One of my favorite things to do as a kid was to climb trees.
From first grade to sixth grade the most consistent place you’d find me (When I disappeared, which was all the time!) would likely be up in a tree. Until fourth grade it was all about hanging out with friends (literally) and seeing how high we could climb or if we could be quiet enough that adults would walk by and not notice us. When we got a bit older we got more brave and would try to jump from tree to tree. It was a place where I learned how far I could push myself as well as if I could trust myself as I explored various trees.

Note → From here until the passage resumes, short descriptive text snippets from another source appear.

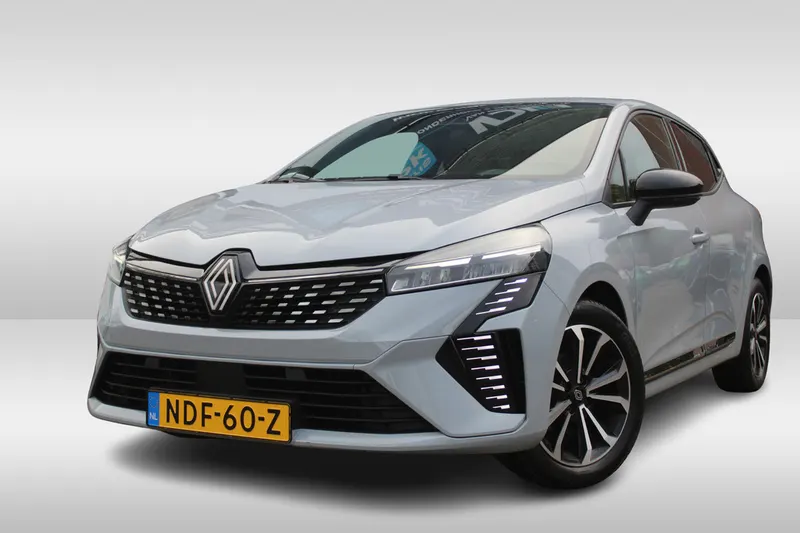 Renault Clio (2025)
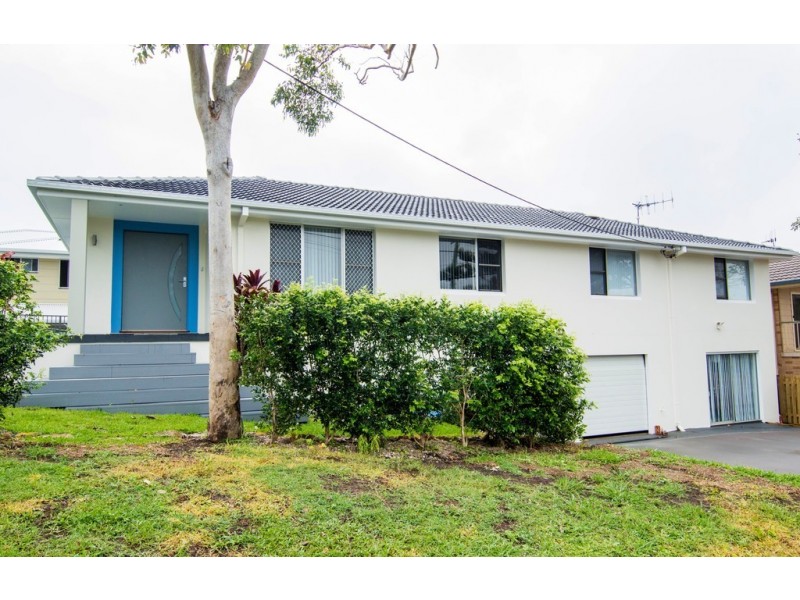 117 PACIFIC DRIVE, Port Macquarie NSW 2444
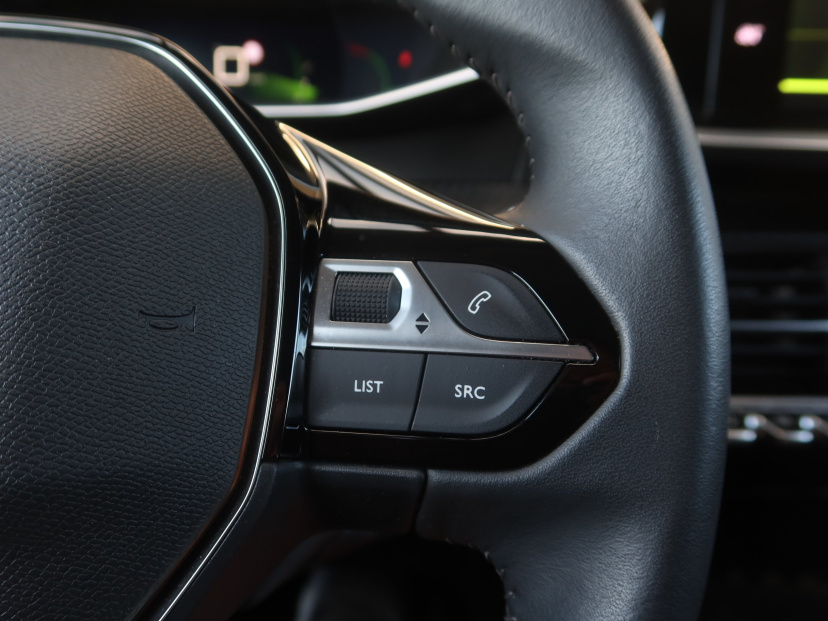 Peugeot 2008, 2022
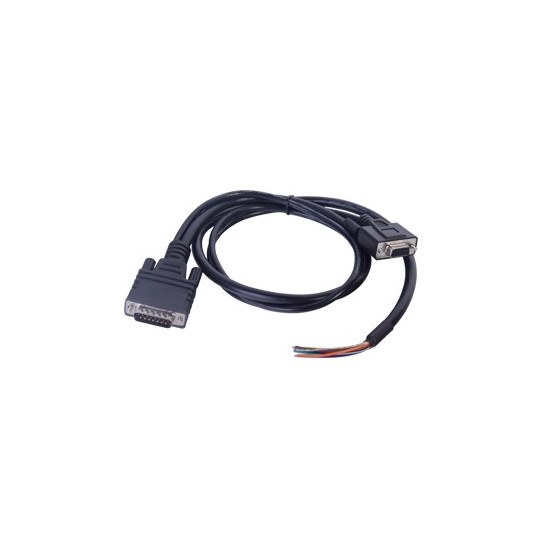 Cable de Datos para PRO12RF y PRO6RF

But in my later elementary years I discovered the trees could be a wonderful place to be alone. They became a place to perch and listen to birds, watch squirrels, and one of my favorites… read books. I remember reading Tom Sawyer and Huck Finn and Shel Siverstein poems and everything by Jules Verne in trees. It was high in a pine tree in my back yard that I discovered that a book could take me somewhere far from home in the space between my ears.
My childhood wasn’t filled with horror but it wasn’t a parade of awesome either. Like a lot of families today– we had our messes. And for whatever reasons hanging out in trees and loosing myself in a book (or later, in a video game, or at the golf course) was a form of respite or escapism from the hard realities of my situation. While escapism is probably not the best way to deal with everything, disappearing from a place of disorder to one of order was healthy.
As I work with emerging adults who have lives strikingly similar to my own experience I wonder what their places of respite are. I’d like to think its our youth group or times when we’re together doing something fun. But more likely, they are off to their own set of trees, wherever that may be, to find sanity in chaos.
What was your place of respite as a kid?
How would you discover the place of respite for the students in your ministry?